Segment Open

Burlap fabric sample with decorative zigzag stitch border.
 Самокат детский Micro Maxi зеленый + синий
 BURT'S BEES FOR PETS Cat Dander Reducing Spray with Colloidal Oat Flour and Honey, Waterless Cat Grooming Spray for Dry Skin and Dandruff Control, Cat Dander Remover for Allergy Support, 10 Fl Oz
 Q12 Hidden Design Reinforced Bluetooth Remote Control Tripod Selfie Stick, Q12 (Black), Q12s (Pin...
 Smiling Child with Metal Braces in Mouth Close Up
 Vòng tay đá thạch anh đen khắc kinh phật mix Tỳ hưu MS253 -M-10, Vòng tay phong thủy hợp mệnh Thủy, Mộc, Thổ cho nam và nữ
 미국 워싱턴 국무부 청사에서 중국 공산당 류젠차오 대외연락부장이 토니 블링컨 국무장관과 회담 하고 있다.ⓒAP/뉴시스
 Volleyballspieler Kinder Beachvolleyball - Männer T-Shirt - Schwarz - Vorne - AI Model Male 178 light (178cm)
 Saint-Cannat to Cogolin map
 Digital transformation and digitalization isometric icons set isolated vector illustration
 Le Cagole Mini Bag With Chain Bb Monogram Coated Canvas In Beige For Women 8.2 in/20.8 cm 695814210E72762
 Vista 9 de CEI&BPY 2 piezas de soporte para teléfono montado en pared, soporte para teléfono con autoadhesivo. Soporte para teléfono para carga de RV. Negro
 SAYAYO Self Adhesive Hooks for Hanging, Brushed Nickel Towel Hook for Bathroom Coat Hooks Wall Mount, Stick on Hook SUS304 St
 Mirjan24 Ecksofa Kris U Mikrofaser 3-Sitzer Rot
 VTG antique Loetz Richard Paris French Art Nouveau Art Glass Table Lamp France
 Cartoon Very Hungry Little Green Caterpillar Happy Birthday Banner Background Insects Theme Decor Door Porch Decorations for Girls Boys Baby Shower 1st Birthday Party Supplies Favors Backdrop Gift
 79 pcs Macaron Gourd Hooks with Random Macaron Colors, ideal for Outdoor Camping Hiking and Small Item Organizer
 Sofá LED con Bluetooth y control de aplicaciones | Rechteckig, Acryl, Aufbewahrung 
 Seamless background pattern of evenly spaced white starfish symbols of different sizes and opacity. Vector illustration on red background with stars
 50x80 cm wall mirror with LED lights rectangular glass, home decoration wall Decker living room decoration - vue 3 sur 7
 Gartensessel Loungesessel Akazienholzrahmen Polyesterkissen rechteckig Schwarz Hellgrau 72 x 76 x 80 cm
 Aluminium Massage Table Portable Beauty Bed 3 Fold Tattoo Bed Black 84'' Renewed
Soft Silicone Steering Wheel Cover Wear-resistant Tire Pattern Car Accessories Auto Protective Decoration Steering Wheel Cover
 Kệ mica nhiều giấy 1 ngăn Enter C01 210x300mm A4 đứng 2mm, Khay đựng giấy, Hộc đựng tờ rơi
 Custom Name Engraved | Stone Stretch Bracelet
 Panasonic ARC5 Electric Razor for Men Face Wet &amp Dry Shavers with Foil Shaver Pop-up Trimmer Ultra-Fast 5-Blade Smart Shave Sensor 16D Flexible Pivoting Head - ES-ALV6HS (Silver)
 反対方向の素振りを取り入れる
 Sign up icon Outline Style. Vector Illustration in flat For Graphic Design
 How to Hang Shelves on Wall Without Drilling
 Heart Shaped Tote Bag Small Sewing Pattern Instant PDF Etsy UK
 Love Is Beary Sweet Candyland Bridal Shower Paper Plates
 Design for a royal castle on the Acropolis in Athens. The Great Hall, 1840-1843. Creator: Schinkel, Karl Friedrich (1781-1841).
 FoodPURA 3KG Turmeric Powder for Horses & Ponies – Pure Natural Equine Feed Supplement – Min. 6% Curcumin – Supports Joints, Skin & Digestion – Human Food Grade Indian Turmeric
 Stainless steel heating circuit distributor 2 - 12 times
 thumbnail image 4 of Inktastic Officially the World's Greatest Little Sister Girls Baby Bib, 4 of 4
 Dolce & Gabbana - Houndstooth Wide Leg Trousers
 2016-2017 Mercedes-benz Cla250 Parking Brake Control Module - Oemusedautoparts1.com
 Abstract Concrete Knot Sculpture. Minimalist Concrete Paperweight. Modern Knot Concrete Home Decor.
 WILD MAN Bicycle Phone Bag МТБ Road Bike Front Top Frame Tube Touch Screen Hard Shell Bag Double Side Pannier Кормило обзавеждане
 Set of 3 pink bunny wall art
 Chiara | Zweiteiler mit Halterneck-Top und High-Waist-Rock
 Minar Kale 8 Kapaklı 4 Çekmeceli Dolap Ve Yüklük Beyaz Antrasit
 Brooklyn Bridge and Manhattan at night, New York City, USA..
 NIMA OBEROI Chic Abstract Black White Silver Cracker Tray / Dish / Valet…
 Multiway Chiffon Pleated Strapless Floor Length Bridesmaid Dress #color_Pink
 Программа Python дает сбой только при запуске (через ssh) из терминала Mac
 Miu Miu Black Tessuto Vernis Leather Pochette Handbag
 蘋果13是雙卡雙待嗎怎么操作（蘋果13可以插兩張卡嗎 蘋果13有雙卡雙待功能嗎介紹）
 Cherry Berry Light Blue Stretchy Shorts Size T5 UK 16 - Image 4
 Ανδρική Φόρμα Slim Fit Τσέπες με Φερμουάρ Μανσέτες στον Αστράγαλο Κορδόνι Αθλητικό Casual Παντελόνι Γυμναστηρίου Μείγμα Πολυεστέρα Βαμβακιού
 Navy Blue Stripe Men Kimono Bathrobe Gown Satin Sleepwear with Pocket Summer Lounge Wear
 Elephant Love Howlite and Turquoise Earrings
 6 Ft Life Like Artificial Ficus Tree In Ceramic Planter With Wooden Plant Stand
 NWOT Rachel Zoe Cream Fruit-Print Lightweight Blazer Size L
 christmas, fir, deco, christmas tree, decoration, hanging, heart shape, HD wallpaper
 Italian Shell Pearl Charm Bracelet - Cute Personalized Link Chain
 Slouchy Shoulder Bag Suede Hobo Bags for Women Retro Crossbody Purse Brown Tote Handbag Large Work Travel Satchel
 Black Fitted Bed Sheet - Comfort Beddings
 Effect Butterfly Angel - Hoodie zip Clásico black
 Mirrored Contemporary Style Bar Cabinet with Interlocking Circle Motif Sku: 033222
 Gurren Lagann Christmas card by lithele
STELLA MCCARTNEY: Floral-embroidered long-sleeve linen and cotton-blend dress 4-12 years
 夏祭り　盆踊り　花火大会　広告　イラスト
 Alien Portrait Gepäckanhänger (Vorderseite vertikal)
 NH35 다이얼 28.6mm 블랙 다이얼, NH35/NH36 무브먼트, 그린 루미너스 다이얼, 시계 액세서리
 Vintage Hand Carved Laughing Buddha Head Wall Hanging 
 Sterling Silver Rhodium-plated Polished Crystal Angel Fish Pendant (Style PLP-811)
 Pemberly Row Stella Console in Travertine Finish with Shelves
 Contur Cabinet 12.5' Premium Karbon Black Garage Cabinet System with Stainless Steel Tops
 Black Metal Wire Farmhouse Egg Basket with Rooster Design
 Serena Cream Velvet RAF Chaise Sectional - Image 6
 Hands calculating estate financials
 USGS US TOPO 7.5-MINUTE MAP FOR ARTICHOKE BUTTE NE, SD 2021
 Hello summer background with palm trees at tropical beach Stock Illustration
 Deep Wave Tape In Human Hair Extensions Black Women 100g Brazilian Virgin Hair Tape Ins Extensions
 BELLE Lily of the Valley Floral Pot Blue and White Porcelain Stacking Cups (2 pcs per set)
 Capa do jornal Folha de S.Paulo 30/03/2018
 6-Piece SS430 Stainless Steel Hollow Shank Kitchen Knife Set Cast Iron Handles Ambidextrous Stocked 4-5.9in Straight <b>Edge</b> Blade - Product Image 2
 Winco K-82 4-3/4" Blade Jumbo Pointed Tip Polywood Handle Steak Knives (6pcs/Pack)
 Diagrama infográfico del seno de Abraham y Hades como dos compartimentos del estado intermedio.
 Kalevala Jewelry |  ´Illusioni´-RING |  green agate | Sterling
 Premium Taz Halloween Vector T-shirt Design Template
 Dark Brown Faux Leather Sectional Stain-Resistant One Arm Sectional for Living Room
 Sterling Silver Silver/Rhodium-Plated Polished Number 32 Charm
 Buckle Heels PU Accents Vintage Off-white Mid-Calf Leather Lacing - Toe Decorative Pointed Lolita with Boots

Segment Closed

— Activity —
From the material above, retype precisely the lines between the line holding "Cherry Berry Light" and the line holding "夏祭り　盆踊り　花火大会　広告　イラスト", inclusive, and nothing beyond them.

— Answer section —
 Cherry Berry Light Blue Stretchy Shorts Size T5 UK 16 - Image 4
 Ανδρική Φόρμα Slim Fit Τσέπες με Φερμουάρ Μανσέτες στον Αστράγαλο Κορδόνι Αθλητικό Casual Παντελόνι Γυμναστηρίου Μείγμα Πολυεστέρα Βαμβακιού
 Navy Blue Stripe Men Kimono Bathrobe Gown Satin Sleepwear with Pocket Summer Lounge Wear
 Elephant Love Howlite and Turquoise Earrings
 6 Ft Life Like Artificial Ficus Tree In Ceramic Planter With Wooden Plant Stand
 NWOT Rachel Zoe Cream Fruit-Print Lightweight Blazer Size L
 christmas, fir, deco, christmas tree, decoration, hanging, heart shape, HD wallpaper
 Italian Shell Pearl Charm Bracelet - Cute Personalized Link Chain
 Slouchy Shoulder Bag Suede Hobo Bags for Women Retro Crossbody Purse Brown Tote Handbag Large Work Travel Satchel
 Black Fitted Bed Sheet - Comfort Beddings
 Effect Butterfly Angel - Hoodie zip Clásico black
 Mirrored Contemporary Style Bar Cabinet with Interlocking Circle Motif Sku: 033222
 Gurren Lagann Christmas card by lithele
STELLA MCCARTNEY: Floral-embroidered long-sleeve linen and cotton-blend dress 4-12 years
 夏祭り　盆踊り　花火大会　広告　イラスト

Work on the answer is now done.